Ce matin, je roulais vers ce marché que j’aime tant : c’est tellement magnifique de savoir où ont poussé les céréales du pain que nous dégustons, dans quelle terre sont venus les légumes (là, le champ de radis noirs – quelques centaines de mètres après cette chapelle de cinéma, avec sa fontaine votive ; là, les tunnels, où il faut venir travailler avant dix heures, l’été, sous peine que la chaleur rende tout mouvement impraticable)… la terre est plus que probablement un rien salée, en surplomb de cette plage sauvage ; la « rosée éternelle » – comme dit mon Montréalais préféré – se perle d’embruns (ici, l’air ne sèche jamais, il se souvient toujours de l’eau voyageuse et de toutes les mers où elle a trempé, avant celle-ci, tout près, en contre-bas)… je sais où paissent les troupeaux bouleversants, sur nos crêtes herbues et je peux presque remercier la vache par son petit nom, quand elle atterrit dans mon assiette… je pensais à la magnificence verticale des poireaux, à leur inimitable bleu vert… à cette dentelle délicate des feuilles d’artichauts… mon cœur se gonflait de gratitude, tandis que mon petit bolide roulait vers l’église et ses couloirs alentours, toujours balayés de vents glacials… je me dilatais de gratitude pour mes chevaliers nourrissants et leurs étals frissonnants dans le petit matin venteux.

Ô mes chevaliers chéris, mes garants d’une vie vivante : Fabienne, avec sa sensibilité généreuse et subtile, son sourire revigorant, ses attentions pudiques, ses grâces de danseuse au-dessus des cageots… sa Coline, avant, et la fougue de son sourire… son Max, maintenant, et ses réserves de prudente élégance… je sais le prénom de quelques autres, tous des humains incroyables, que j’évoquerai bientôt, c’est promis ! Je ne peux pas les saluer tous, là, aujourd’hui, parce que sinon, je me perdrais en route, et vous aussi… j’ai une intention, en revenant vers vous, et c’est cette intention qui doit nous guider pour cette fois. Donc, je roulais vers cette fête d’acheter là, auprès de mes chevaliers du marché, notre nourriture vraiment terrestre… je pensais à chacun d’eux fidèlement présent autour de l’église, et ma gratitude ne naissait pas seulement de la qualité des aliments que leur labeur nous permet de manger tout au long de la semaine.

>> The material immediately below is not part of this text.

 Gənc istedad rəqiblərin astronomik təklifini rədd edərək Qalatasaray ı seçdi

Ma gratitude est enracinée dans cette terre que nous partageons, qui nous porte tous, dans cette fécondité dont ils prennent soin avec une telle persévérance, tant de modestie et de courage, tant de savoir et de talent aussi, souvent… d’abnégation ? Oui et non ! Justement…

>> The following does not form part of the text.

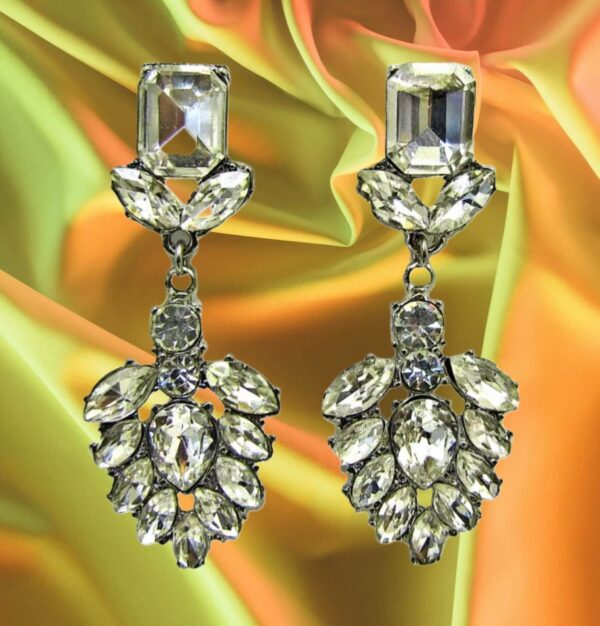 LONG CRYSTAL STATEMENT EARRINGS - Image 8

En roulant, je pensais aussi à mon homme, là-bas, de l’autre côté de quelques promontoires, qui reçoit toutes ces personnes en souffrance, et qui peut les guider vers le soulagement, souvent, mais pas toujours… et qui les accueille et les écoute, et souvent peut aider, mais il y a une interrogation de fond, qui se trame sans doute, dans le nœud de ces souffrances, qui se trame de toutes façons, souffrance ou pas (sans souffrance, c’est une option rare, mais philosophiquement envisageable !), et comment va s’élaborer ce questionnement ? il est en plein dedans, mon homme, dans le grand bain des humains qui voudraient bien vivre et en ont parfois perdu l’instinct… est-ce que j’oserais écrire ça : l’instinct de vivre ? Et comme nous sommes des humains, tout ne peut pas être instinct, si, pour nous ? Notre questionnement constitutif de l’existence, où et quand peut-il faire son travail ?

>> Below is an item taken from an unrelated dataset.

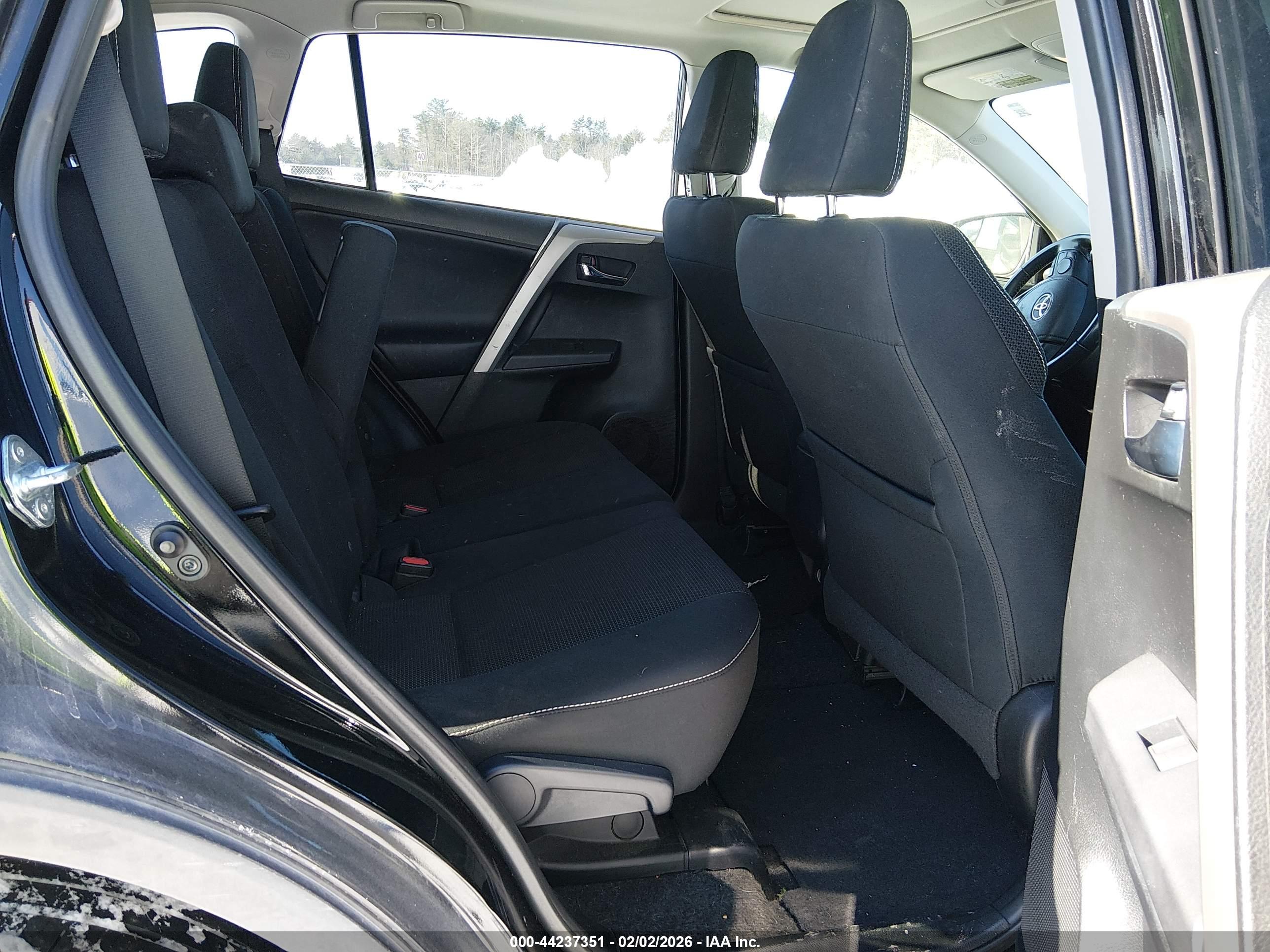 TOYOTA RAV4 image 8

Un vent terr-ible, terr-assant, souffle sur la falaise, tandis que j’essaie d’évoquer tout ça avec vous, un vent qui cependant ne fait pas taire les rouges-gorges, les pinsons, les mésanges et me rend ces brimborions admirables, ces beautés virevoltantes et chantantes… avez-vous déjà vu un rouge-gorge au poitrail ébouriffé de vent ? Les mimosas sont en pleine explosion jaune : il me semble bien que le jaune est la dernière couleur qui disparaît à l’automne et la première qui réapparaît quand les jours rallongent…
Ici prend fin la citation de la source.